Mitten in Starnberg:Pöcking verleiht Flügel

Wenn Instrumente verschwinden müssen, ist nicht immer eine österreichische Brause daran schuld

Kolumne von David Costanzo

Dass eine Brause Flügel verleihen kann, haben Werber vor allem den Fernsehzuschauern in den vergangenen Jahren eingetrichtert. Im Land der unbegrenzten Möglichkeiten ging das sogar so weit, dass der Hersteller vor Gericht einem millionenschweren Vergleich zustimmte, weil man gar nicht abheben kann, wenn man so ein Döschen aus Österreich kippt. Da werst narrisch!

Dass man auch Flügel verleihen kann, ohne dass irgendjemandem Federn aus dem Rücken wachsen, dass also das geflügelte Wort eine ganz und gar ungeflügelte Bedeutung haben kann, wurde darüber fast vergessen. Jedenfalls hat die Franziska-Günther-Stiftung der Stadt Starnberg wirklich einen Steinway geliehen (Modell D-274, schwarz poliert, Baujahr '95), der in der Schlossberghalle zärtliche Crescendi, nuanciert temperierte Kadenzen und furiose Finale aufs Trefflichste intonierte. So lange ist das her, 24 Jahre, dass manch einem Virtuosen zwischenzeitlich entfallen war, dass das Instrument gar nicht der Stadt gehört.
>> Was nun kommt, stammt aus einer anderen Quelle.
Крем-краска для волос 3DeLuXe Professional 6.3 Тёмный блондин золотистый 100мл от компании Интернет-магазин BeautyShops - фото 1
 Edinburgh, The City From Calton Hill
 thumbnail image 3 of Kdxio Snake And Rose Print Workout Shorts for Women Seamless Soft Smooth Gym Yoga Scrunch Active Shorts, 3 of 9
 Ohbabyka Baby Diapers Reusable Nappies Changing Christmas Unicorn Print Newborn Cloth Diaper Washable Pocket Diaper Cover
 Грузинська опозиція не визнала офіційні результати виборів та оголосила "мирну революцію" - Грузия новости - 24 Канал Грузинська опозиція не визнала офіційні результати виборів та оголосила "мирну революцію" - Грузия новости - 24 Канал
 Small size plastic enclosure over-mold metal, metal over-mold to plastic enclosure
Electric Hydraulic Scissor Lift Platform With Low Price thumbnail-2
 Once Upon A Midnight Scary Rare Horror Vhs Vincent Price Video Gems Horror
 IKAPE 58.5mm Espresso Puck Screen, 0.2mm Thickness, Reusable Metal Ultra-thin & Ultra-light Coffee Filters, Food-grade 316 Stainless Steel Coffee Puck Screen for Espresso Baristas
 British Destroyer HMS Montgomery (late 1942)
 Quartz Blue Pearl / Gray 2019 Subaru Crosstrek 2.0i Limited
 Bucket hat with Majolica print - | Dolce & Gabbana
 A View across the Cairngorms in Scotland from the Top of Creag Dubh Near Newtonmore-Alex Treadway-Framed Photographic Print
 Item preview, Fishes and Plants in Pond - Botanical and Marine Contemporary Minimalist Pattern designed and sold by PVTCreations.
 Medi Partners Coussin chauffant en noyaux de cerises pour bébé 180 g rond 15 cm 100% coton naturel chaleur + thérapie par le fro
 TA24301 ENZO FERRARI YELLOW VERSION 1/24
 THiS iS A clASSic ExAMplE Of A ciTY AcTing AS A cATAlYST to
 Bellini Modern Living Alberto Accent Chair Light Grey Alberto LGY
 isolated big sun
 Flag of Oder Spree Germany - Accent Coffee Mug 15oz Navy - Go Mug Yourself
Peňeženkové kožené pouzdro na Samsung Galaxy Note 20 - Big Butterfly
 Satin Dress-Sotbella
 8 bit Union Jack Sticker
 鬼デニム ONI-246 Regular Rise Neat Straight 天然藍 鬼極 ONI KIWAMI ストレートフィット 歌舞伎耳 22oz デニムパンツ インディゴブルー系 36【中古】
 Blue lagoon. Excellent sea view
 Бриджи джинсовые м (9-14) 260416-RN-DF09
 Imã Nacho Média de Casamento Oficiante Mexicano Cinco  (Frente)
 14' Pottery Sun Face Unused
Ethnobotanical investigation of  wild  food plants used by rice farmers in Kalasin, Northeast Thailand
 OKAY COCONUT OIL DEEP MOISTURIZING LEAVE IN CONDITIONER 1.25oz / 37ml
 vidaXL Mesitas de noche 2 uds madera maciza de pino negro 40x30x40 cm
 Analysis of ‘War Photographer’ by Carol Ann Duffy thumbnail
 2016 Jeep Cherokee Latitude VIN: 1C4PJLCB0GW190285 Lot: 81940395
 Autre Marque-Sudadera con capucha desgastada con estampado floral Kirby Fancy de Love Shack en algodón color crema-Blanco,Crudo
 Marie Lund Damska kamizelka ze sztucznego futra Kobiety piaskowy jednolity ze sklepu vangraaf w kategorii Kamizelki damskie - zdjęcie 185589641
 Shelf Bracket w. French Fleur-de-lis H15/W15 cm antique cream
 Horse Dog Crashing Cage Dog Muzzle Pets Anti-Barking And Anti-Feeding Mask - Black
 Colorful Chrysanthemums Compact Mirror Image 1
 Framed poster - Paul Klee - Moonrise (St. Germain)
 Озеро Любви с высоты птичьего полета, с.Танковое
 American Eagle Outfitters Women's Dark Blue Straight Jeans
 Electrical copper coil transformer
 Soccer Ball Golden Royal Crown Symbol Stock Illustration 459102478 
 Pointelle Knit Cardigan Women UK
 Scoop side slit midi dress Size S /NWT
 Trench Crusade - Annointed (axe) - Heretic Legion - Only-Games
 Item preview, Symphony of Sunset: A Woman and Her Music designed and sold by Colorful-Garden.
Die Pöckinger haben sich natürlich daran erinnert. Als die ihren Saal mit dem komischen Namen "Beccult" fertig hatten, war das Geld aus. Und da ist ihnen eingefallen, dass Franziska Günther ja die eigene Ehrenbürgerin ist und sie in ihrer Stiftung verfügt hat, Pöckinger Wünsche zu erfüllen. Nun wird das Gerät für 23 000 Euro auf Kosten der Starnberger saniert, die sich zärtliche Crescendi dann bald bei den Nachbarn im "Beccult" anhören können. (Um die Hintergründe dieses Namens zu erklären, müsste man eine eigene Zeitung drucken.)

Einen neuen Steinway gibt es vorerst nicht, haben die Stadträte beschlossen - unisono, versteht sich. Der würde an die 140 000 Euro und gebraucht immer noch 100 000 Euro kosten. Da die Stadt derzeit noch ärmer an Geld denn an Kultur ist, muss für Konzerte ("im begründeten Einzelfall", hieß es mahnend) einer gemietet werden oder der Yamaha-Flügel herhalten, der irgendwo auf furiose Finale wartet. So kann es gehen, wenn einem Flügel Flügel wachsen.